The push for a constitutional convention in California.
4:20 PM, Mar 6, 2009 • By KEVIN VANCE
The sun may be setting on the sunshine state. California narrowly averted a crisis with an 11th-hour budget compromise on February 19. Last Friday, on the same day Governor Arnold Schwarzenegger declared a state of emergency for a three-year drought, it was reported that the state unemployment rate crossed the 10 percent threshold--one of the highest rates in the country. The state education system, once one of the best in the country, now ranks near the bottom.
Eighty-two percent of Californians believe their state is on the "wrong track," and Schwarzenegger can boast of a disapproval rating that rivals George W. Bush's in his final year in office. Apparently, some Californians have had enough. They're ready to start from scratch--with a new state constitution.
On February 24, several good government groups met in Sacramento to discuss various proposals and new polling that seems to indicate that voters are cautiously supportive of a constitutional convention. Two days later, the Los Angeles Times reported that Schwarzenegger himself supports a constitutional convention.
While the state's problems are legion, the cause of many of them is connected to the polarization of the state's legislature. Though political parties are weak in California, the legislative districts are gerrymandered in such a way that almost every one of them is heavily Democratic or heavily Republican (but mostly Democratic, of course). Candidates usually need only to appeal to the most liberal or most conservative elements of their district in order to win the primary and, almost by default, the general election.

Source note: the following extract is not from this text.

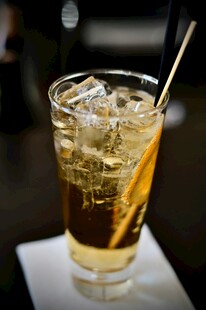 冰爽茶饮配吸管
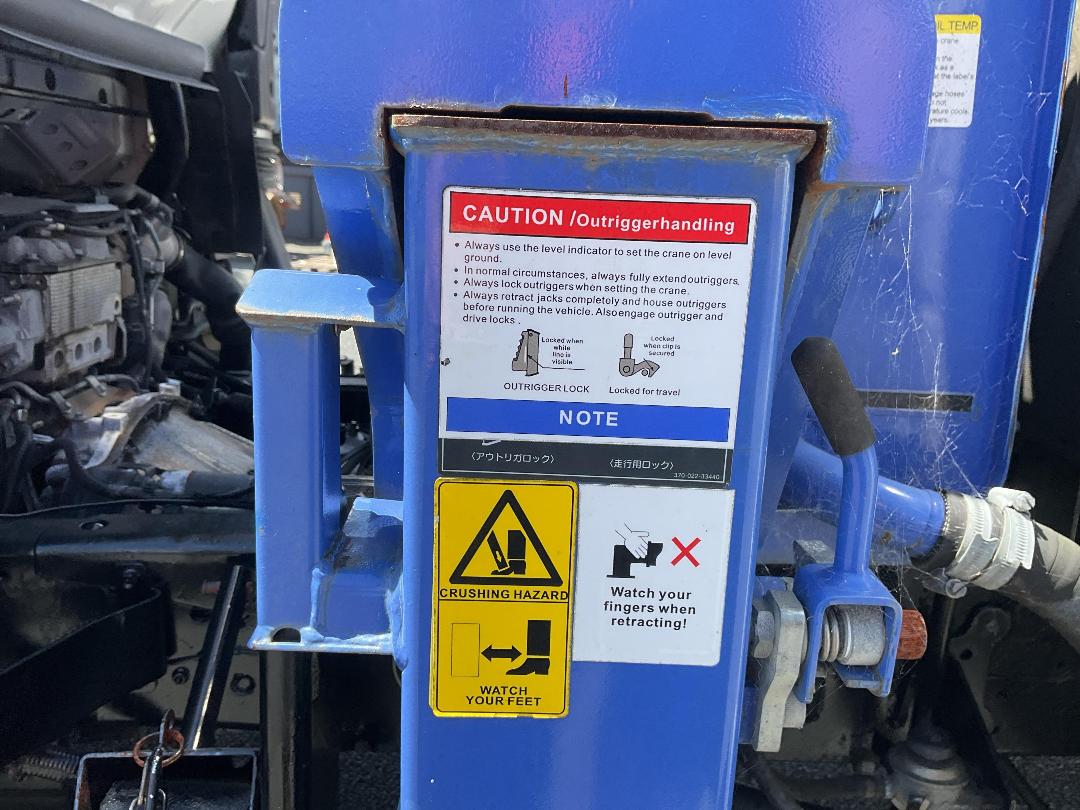 Photo '30' of Isuzu ELF Flat Deck Crane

This has produced a state legislature that is considerably more liberal than the average voter. In the rare circumstances that require a supermajority vote, such as the recent vote to approve a new budget, the inability of far right Republicans and far left Democrats to compromise has the potential to bring the state to a standstill.
Under the current constitutional framework, a two-thirds vote of the state legislature and a majority vote of the state's electorate is necessary to call for a constitutional convention. Since it is highly unlikely that the current batch of politicians in Sacramento will call for a convention that aims to replace them with more moderate members, pro-convention groups plan to use the initiative process to call for a constitutional convention. One initiative will give voters the authority to call for a constitutional convention by a majority vote, and its twin initiative would call for a convention.

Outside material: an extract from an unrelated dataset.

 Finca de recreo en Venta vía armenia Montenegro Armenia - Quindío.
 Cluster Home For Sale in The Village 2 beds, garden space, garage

The Bay Area Council, the business group leading the charge for a constitutional convention, has floated several ideas for potential constitutional reforms. They'd like to change the two-thirds threshold to a 55 percent majority for budget approval, which would have prevented this year's budget crisis. John Grubb, a spokesman for the council, told me that they would only support the change if the constitution included spending limits on the legislature. The Bay Area Council would also like the legislature to approve the budget in two-year cycles, with the legislature meeting every other year to focus only on policymaking.
Another major reform that they would like to see is a sunset commission for state bureaucratic institutions. This reform would be modeled after a Texas provision that sunsets every statewide board after 12 years unless the legislature takes action. In California, new boards and commissions hardly ever go away, which has created a giant state bureaucracy.

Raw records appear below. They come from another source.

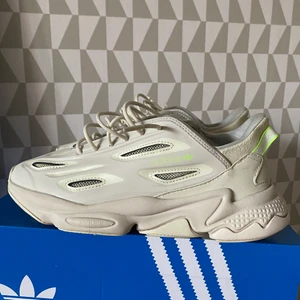 Adidas OZWEEGO  - Adidas sneakers i strl.38 1/3. Använda ett fåtal gånger, så nästan som nya. 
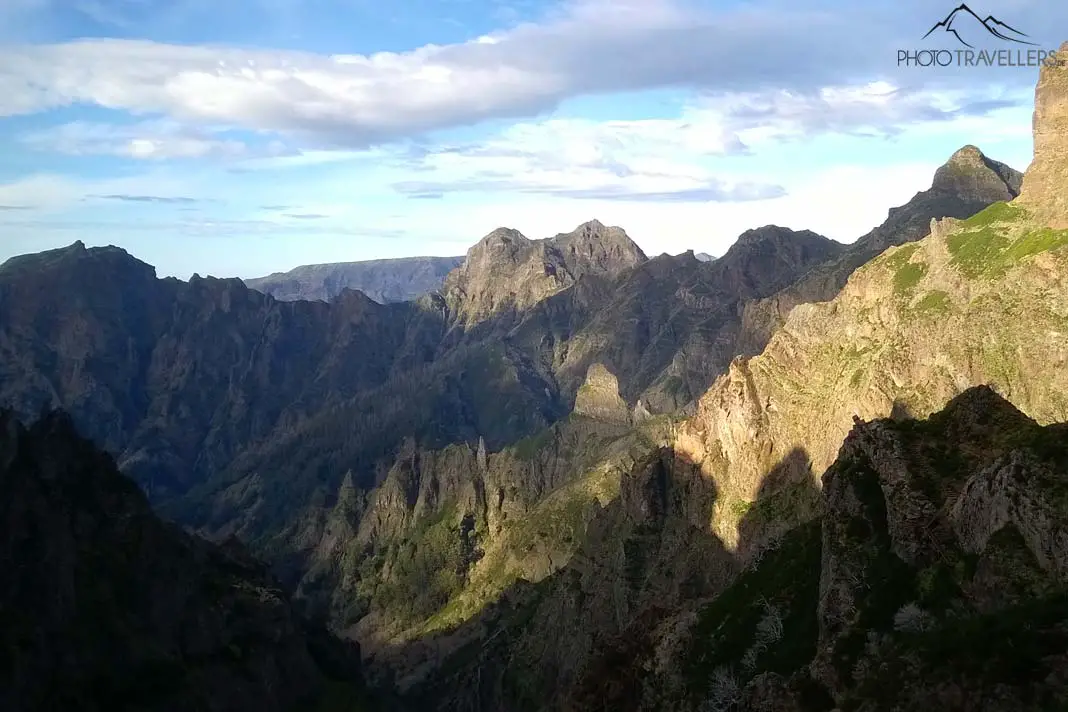 Der Blick über die beeindruckende Bergwelt Madeiras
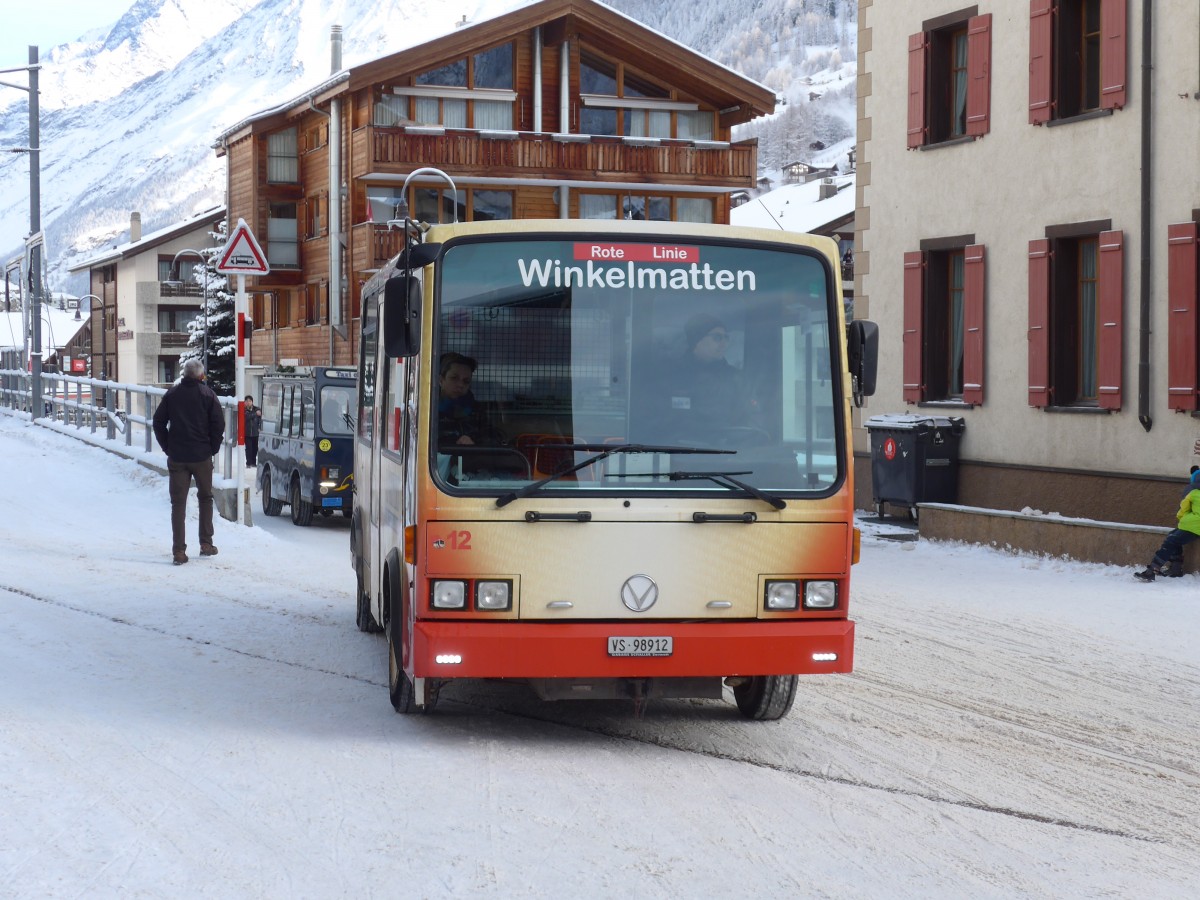 (158'399) - OBZ Zermatt - Nr. 12/VS 98'912 - Vetter am 18. Januar 2015 beim Bahnhof Zermatt
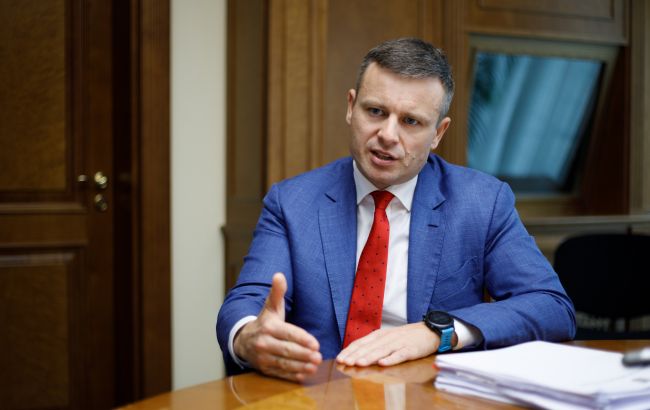 Мінфін оголосив аукціон з продажу військових облігацій та закликав громадян підтримати країну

In 2008, Californians very narrowly approved Proposition 11, which severely curtails the power of California's politicians to define legislative district boundaries. A citizens' commission will now approve boundary decisions, with required approval from some of the Democratic, Republican, and nonpartisan members of the commission. The benefits of this ballot initiative will kick in after the 2010 Census and should fix most of the structural problems caused by political gerrymandering in California.
Nevertheless, some of the reformers would like to make a constitutional provision for an open primary, where the top two vote getters in the primary election face off in a general election, even if they're from the same party.
As part of the budget compromise, Schwarzenegger actually promised Republican state senator Abel Maldonado that voters will have a chance to approve an open-primary on the June 2010 ballot. A referendum on the open primary may have the effect of slowing the momentum for a constitutional convention in favor of more piecemeal reforms--the same thing that got California into the mess it's in today.